EXERCISE AIM:
Only lines that contain the string "ceiling" should be returned from the material below.

DATA IN THIS EXERCISE:
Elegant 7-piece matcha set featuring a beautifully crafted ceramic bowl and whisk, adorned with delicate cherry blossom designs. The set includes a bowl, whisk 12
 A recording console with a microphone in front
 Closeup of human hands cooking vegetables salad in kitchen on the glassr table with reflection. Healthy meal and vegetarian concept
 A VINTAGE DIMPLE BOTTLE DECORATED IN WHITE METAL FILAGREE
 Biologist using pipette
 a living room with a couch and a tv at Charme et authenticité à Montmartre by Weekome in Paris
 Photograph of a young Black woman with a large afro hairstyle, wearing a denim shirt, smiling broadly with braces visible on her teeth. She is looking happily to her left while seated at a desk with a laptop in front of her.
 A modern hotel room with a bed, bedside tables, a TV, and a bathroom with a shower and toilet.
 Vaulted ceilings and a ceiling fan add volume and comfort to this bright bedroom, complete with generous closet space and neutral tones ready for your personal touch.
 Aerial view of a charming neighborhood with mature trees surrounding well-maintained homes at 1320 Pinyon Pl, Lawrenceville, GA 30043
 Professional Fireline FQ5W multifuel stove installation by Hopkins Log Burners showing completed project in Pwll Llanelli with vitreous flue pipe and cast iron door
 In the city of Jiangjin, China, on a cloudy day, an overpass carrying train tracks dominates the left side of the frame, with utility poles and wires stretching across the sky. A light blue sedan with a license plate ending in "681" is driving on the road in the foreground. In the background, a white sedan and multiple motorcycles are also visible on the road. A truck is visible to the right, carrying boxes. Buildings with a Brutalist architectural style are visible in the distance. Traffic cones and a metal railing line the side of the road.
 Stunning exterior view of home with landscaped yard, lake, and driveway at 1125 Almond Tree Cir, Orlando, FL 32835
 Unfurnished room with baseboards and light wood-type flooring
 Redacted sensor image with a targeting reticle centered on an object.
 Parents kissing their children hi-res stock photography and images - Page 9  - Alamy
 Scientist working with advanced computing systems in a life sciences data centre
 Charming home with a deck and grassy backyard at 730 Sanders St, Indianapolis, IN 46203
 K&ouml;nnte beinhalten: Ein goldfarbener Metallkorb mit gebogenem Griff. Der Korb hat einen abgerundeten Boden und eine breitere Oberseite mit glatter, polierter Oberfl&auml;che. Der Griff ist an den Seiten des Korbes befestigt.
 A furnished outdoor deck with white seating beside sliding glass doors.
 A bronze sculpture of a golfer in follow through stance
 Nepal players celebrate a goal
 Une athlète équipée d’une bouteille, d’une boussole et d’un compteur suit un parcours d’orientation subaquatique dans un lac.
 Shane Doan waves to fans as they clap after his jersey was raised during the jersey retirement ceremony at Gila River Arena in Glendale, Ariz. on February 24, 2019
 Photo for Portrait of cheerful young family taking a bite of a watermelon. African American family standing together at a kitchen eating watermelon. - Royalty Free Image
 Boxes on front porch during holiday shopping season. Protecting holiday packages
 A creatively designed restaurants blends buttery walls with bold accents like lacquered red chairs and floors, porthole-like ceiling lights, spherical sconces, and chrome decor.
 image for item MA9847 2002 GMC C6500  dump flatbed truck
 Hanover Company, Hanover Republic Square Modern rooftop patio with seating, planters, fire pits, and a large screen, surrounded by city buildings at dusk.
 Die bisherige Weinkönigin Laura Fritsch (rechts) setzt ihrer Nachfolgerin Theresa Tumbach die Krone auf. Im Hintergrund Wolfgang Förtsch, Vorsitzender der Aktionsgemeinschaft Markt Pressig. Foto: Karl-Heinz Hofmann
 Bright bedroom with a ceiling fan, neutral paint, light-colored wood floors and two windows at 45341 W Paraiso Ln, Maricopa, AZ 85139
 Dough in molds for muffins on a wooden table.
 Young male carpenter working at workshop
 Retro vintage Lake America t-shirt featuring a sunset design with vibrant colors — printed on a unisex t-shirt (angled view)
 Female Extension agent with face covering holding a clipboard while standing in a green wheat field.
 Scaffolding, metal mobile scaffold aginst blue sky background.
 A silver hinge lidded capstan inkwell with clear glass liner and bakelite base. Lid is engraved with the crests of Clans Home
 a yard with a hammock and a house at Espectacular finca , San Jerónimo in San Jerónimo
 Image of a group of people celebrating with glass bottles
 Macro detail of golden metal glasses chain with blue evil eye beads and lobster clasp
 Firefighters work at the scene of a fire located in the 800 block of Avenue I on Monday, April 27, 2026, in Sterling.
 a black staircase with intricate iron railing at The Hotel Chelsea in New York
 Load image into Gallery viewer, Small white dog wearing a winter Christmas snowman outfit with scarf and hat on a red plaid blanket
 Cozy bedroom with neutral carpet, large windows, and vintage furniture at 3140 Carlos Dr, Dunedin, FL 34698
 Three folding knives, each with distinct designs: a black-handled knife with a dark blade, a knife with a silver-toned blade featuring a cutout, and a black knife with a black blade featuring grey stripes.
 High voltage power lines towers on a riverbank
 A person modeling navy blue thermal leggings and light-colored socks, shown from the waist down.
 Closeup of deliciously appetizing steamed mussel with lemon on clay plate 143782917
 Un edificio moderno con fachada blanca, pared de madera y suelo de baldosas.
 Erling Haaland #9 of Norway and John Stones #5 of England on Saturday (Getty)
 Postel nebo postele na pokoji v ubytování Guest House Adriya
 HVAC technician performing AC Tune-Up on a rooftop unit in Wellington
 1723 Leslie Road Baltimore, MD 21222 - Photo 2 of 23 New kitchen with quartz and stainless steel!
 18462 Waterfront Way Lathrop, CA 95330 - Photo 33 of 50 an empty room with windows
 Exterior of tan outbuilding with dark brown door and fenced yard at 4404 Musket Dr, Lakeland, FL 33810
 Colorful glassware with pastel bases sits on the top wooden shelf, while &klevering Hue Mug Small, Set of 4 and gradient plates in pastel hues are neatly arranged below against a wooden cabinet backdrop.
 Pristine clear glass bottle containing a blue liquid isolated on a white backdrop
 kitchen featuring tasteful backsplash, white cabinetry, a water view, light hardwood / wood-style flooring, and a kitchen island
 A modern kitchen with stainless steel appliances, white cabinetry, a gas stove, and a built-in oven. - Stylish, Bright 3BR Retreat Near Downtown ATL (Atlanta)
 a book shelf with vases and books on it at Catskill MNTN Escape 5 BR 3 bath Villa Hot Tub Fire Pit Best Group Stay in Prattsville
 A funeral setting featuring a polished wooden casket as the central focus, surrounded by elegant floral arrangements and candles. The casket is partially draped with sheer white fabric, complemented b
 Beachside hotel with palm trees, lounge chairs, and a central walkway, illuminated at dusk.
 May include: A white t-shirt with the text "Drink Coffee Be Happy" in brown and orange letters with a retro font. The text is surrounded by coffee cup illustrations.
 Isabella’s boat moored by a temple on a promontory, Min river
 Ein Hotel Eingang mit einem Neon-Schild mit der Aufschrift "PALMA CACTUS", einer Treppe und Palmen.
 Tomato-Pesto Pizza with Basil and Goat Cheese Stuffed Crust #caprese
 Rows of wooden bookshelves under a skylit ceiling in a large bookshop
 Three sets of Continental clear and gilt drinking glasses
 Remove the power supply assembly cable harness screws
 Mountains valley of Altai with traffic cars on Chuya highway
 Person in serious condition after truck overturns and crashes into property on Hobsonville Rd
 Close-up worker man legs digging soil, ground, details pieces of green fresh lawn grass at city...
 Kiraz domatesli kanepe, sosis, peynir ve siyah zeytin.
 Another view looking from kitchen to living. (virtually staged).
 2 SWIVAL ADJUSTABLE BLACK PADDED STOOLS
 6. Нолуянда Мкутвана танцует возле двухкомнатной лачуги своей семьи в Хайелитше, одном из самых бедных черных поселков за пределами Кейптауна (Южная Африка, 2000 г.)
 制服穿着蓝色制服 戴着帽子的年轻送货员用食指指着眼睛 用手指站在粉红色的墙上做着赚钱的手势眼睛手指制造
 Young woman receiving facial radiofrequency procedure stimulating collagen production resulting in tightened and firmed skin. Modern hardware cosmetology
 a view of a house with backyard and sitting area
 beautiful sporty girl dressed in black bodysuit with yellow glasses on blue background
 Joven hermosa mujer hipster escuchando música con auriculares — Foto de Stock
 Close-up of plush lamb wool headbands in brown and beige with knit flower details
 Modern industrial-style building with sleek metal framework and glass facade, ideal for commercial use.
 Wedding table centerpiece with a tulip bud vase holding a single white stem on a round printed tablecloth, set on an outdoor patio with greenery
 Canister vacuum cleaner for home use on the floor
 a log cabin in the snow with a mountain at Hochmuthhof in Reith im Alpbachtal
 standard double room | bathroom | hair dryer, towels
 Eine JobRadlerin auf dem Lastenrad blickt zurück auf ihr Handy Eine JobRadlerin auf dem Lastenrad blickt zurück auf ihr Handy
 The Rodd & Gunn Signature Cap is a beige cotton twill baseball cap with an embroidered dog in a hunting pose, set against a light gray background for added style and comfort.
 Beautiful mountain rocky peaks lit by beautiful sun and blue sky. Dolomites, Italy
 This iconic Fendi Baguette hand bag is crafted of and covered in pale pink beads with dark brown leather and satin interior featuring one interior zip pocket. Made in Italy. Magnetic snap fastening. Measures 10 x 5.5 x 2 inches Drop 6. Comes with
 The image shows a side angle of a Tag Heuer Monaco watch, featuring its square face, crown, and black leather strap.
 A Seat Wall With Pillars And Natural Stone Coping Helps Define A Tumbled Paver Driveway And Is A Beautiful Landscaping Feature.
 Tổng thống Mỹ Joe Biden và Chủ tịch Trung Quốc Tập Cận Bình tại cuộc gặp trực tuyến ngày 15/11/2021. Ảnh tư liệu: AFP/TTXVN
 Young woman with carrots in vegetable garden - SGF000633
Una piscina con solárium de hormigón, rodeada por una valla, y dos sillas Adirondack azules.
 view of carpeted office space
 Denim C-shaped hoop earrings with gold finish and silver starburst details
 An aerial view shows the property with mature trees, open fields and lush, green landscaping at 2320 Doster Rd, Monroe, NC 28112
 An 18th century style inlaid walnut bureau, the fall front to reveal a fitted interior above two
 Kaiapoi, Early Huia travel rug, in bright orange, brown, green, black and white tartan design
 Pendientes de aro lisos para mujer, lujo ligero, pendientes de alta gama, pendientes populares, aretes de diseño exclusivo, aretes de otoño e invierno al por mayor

RESULT FOR THIS TASK:
 Vaulted ceilings and a ceiling fan add volume and comfort to this bright bedroom, complete with generous closet space and neutral tones ready for your personal touch.
 A creatively designed restaurants blends buttery walls with bold accents like lacquered red chairs and floors, porthole-like ceiling lights, spherical sconces, and chrome decor.
 Bright bedroom with a ceiling fan, neutral paint, light-colored wood floors and two windows at 45341 W Paraiso Ln, Maricopa, AZ 85139
 Rows of wooden bookshelves under a skylit ceiling in a large bookshop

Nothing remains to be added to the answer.